Short descriptive text snippets:
========================

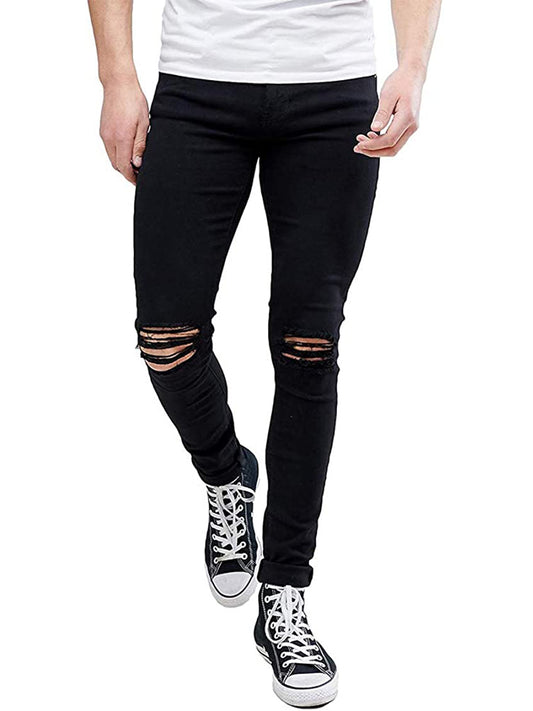 Clearance Gallickan Mens Ripped Jeans Blue Black Ripped Distressed Jeans  for Men Slim Fit, Mens Fashion Design Streetwear Destroyed Jeans Pants  Stretch Fit 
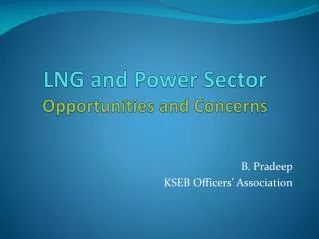LNG and Power Sector Opportunities and Concerns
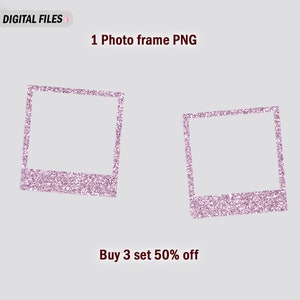 May include: Two pink glitter photo frames against a white background. The text "1 Photo frame PNG" and "Buy 3 set 50% off" is visible.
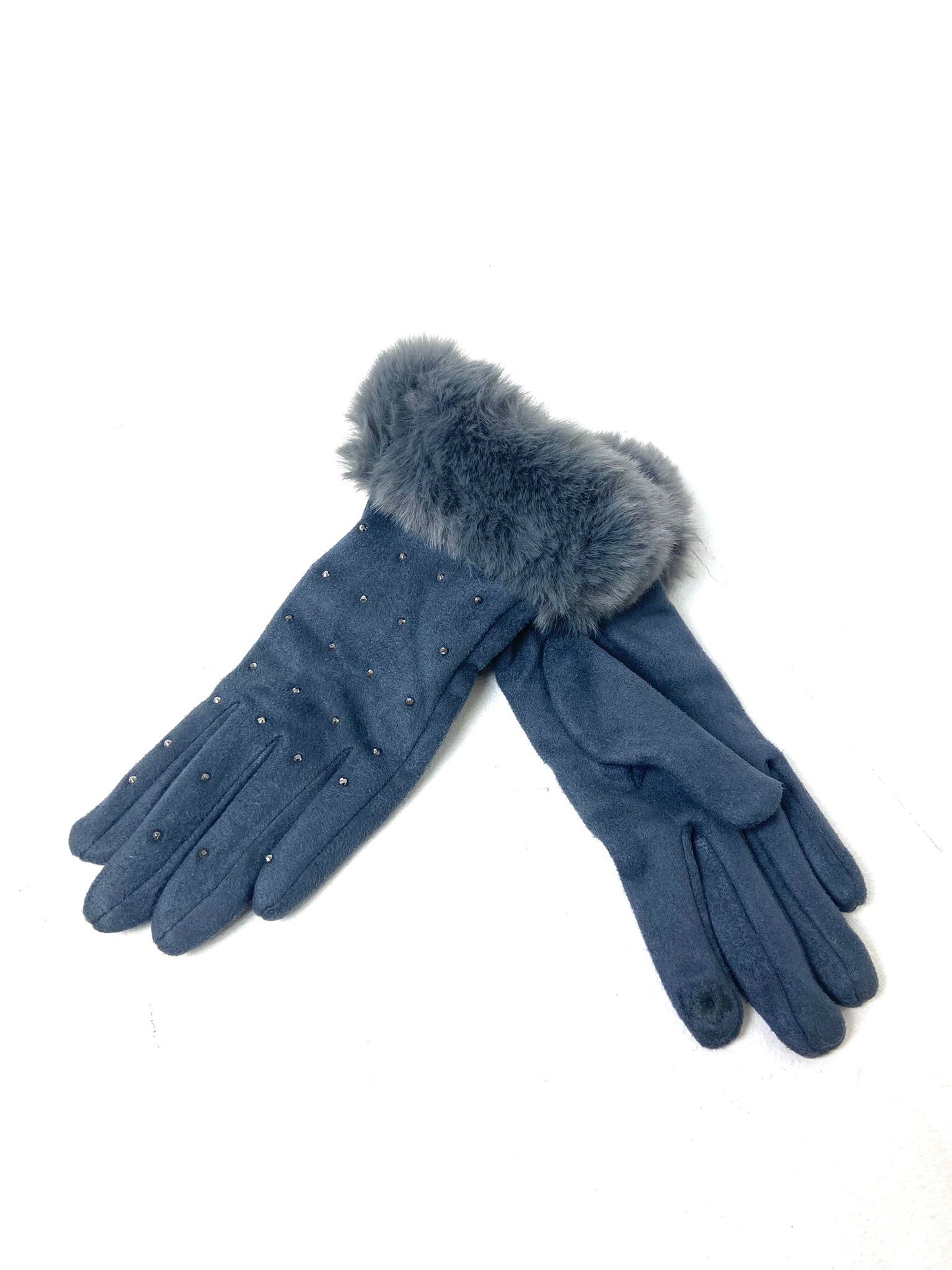 Diamante Faux Fur Trim Gloves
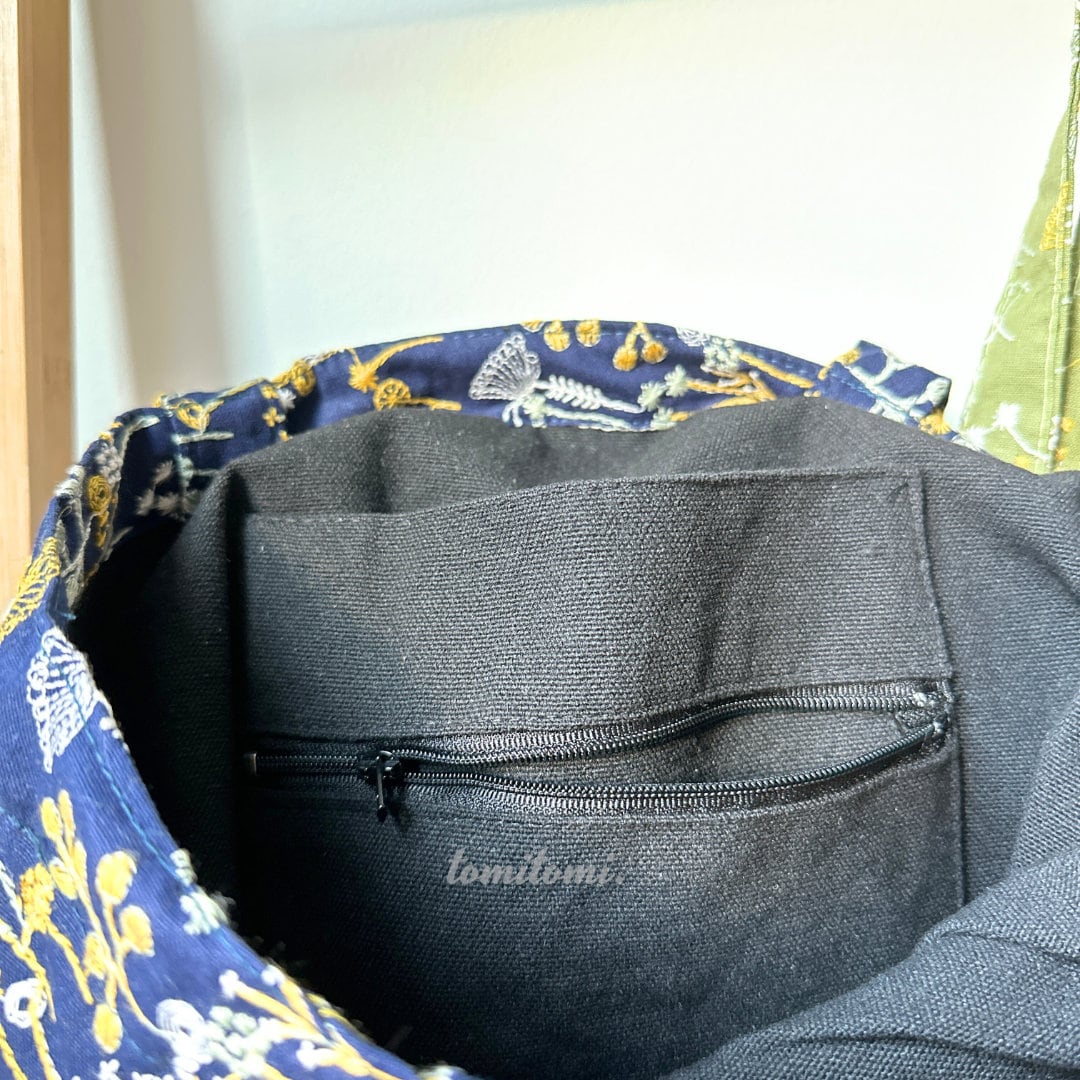 Yellow & White Dandelion Floral Tote Bag | Lemon Curd & Navy | Hidden Pockets, Two Handles | Durable Canvas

========================

▸ EXERCISE DESCRIPTION:
Return every entry exactly, dropping the pictures.

▸ SOLUTION TO THE EXERCISE:
 Clearance Gallickan Mens Ripped Jeans Blue Black Ripped Distressed Jeans  for Men Slim Fit, Mens Fashion Design Streetwear Destroyed Jeans Pants  Stretch Fit 
LNG and Power Sector Opportunities and Concerns
 May include: Two pink glitter photo frames against a white background. The text "1 Photo frame PNG" and "Buy 3 set 50% off" is visible.
 Diamante Faux Fur Trim Gloves
 Yellow & White Dandelion Floral Tote Bag | Lemon Curd & Navy | Hidden Pockets, Two Handles | Durable Canvas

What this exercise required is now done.